Easier to sling dirt at the founders than admitting you want giant (and for most of the world, foreign) corporations to set the bounds of public discourse, isn't it?
In fact, I'll own it: if history forces me to choose between a 1984 dystopia and a Brave New World dystopia, I'll choose Brave New World 100% of the time. I do trust corporations more than unanswerable governments; at least, I trust my ability to walk away from Amazon more than my ability to walk away from the organization that pays the police.
And on the topic of this article: I trust a world where a Donald Trump gets kicked off of every social media network and responds by starting his own way more than a world where the government says to, for example, Reddit: "You must keep Donald Trump on your site. And as long as we're dictating rules, here are our other demands..."
I should point out that the Westminster Declaration also attacks government censorship - presumably you agree with that part of it? As well as with the counter-speech interpretation of it - i.e. calling out companies that censor, exposing them to social, not legal, consequences?
It's tiresome to see all the problems of government/corporate censorship ignored with "I don't want government forcing me/giant corporations to promote evil people", while ignoring the options of social resistance to this censorship (i.e. not just making alternative platforms, but criticizing and pressuring existing platforms (the pro-censorship side doesn't shy away from pressure campaigns). To compare it with labor rights, they weren't won with "just quit and go work at a factory that doesn't employ children".), and ignoring the instances where government itself is legislating censorship.
Politics is all a product of it's time; and furthermore, when it comes down to "compromise or realistically get rolled by a foreign adversary", those slavers you look down on still laid the foundation for the social liberalification that ultimately resulted in the world you live in today.
That "bunch of slavers" built a state in which there was the understanding the populace would be armed heavily enough to overthrow it, and it (the Government) was fettered from doing anything to stop that replacement short of Congress declaring War.
That... to put it mildly, was and still is pretty radical in the grand scheme of the history of Government.
In this modern era, most of the reasons for arming the public are completely obsolete:
- there is no longer a frontier so large the nation cannot defend it and must therefore be able to call up a well-regulated militia to defend its expansive borders against a people who (wisely) would challenge the nation's territorial claims
- the end of slavery means the end of the need for slave-patrols, which were the unwritten reason the South supported the Second Amendment (https://www.npr.org/transcripts/1002107670).
- in the era of planes, drones, e-warfare, bombs, tanks, APCs, and guided missiles, any notion that private firearm ownership actually constrains the government is foolishness.
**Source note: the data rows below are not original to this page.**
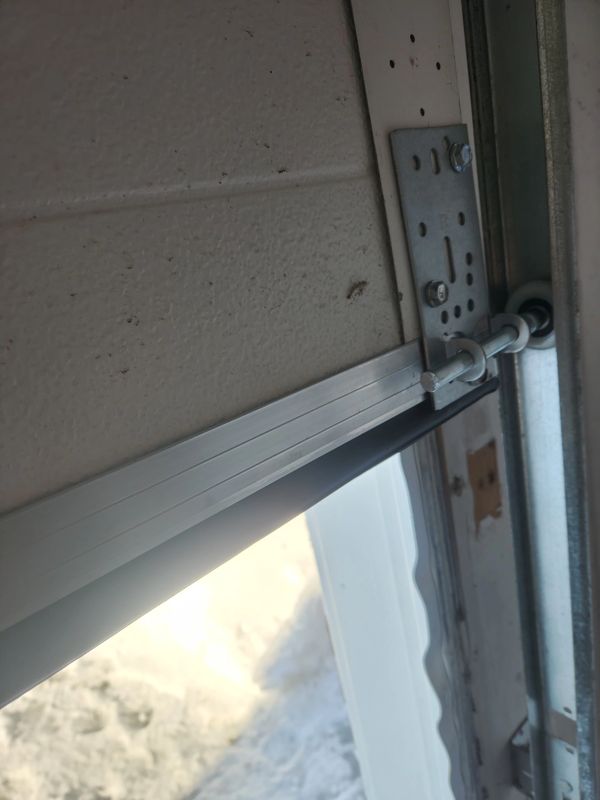 Garage door repair in Ottawa — bottom seal, retainer, cables, brackets, rollers in Barrhaven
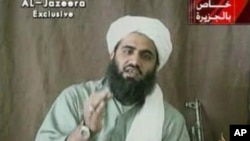 A street seller teaches a boy how to make soap bubbles, on Piazza del Popolo, a touristic square in central Rome, Italy, at sunset on July 2, 2015.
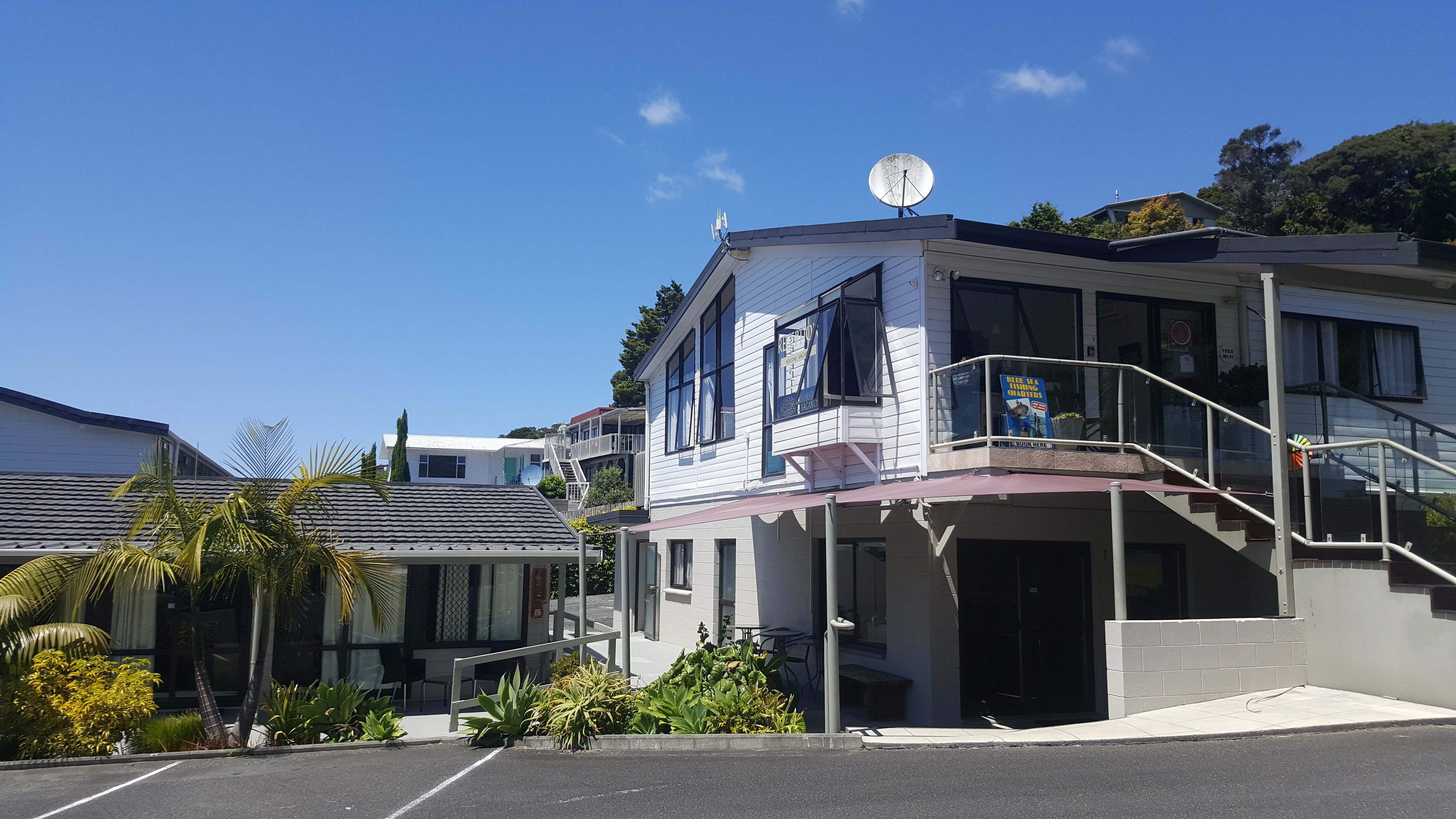A two-story building with a balcony, a satellite dish, and a sign advertising 'Blue Sea Fishing Charters'.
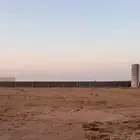 ارض مسوره بحقروصين على شارعين واصل زفلت وكهرباء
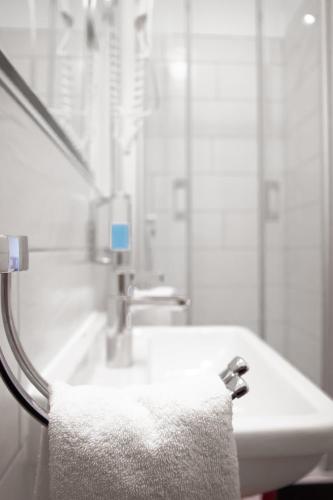 a white bathroom with a sink and a towel at Hotel Trierer Hof in Koblenz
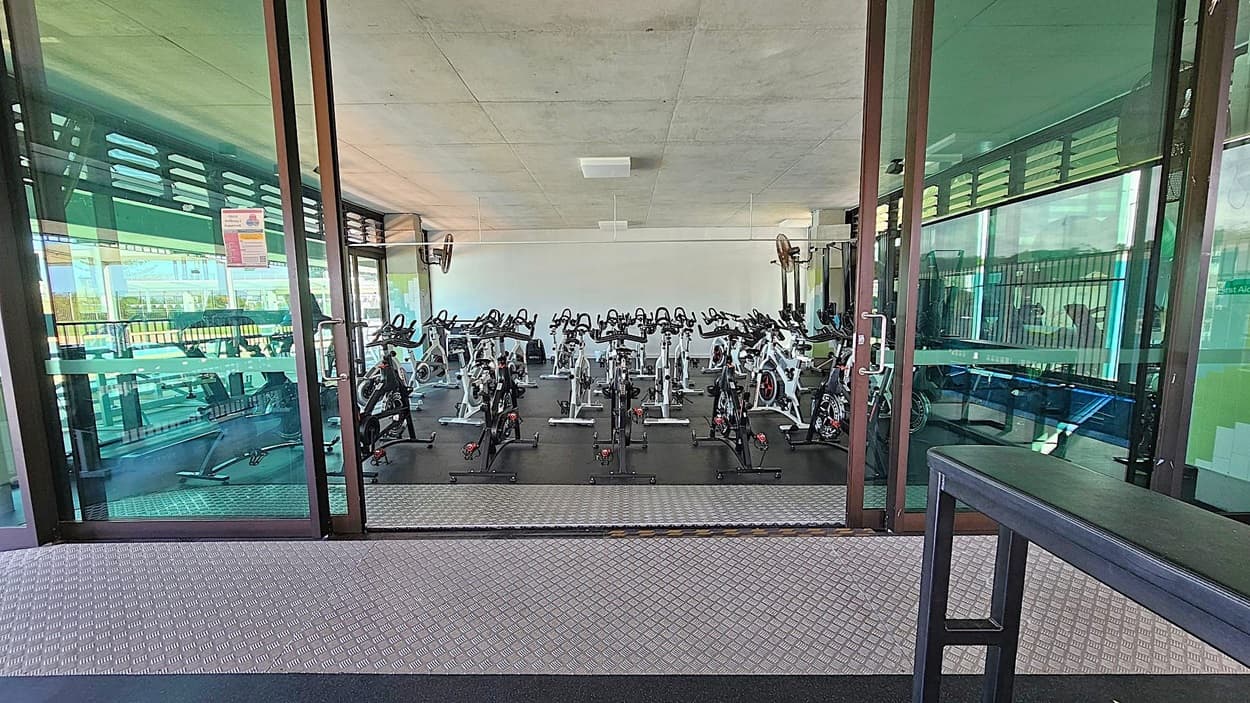A gym room with multiple stationary bikes arranged in rows on a dark floor. The room is enclosed by large glass doors, reflecting the outside. The ceiling is plain and light-coloured. In the foreground, there is a textured metal floor and a black bench on the right. The background shows a white wall and some gym equipment.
We've watched the government crack open far too many citizen compounds with violence applied to believe that. One could argue we actually watched half the country try to seize power via their Second Amendment-granted rights back in the 1860s and get about 20% of their men exterminated for their trouble. What constrains government activity is the continuing function of democracy to make that government accountable to the people if they find the violence was wrongly-applied or unpalatable. Broadly speaking, American citizens use their broad right of private firearm ownership mostly to kill each other and never to constrain government; the times it appeared government was constrained by private firearm ownership were a lot more about the executive agents on the ground not wanting another "Waco incident" than about the actual power of the private citizens holding weapons to stop the agents.
I like to keep in mind that one of the most ardent advocates for the Second Amendment to check the power of government eventually died via a bullet from his own dueling pistol. As did his son.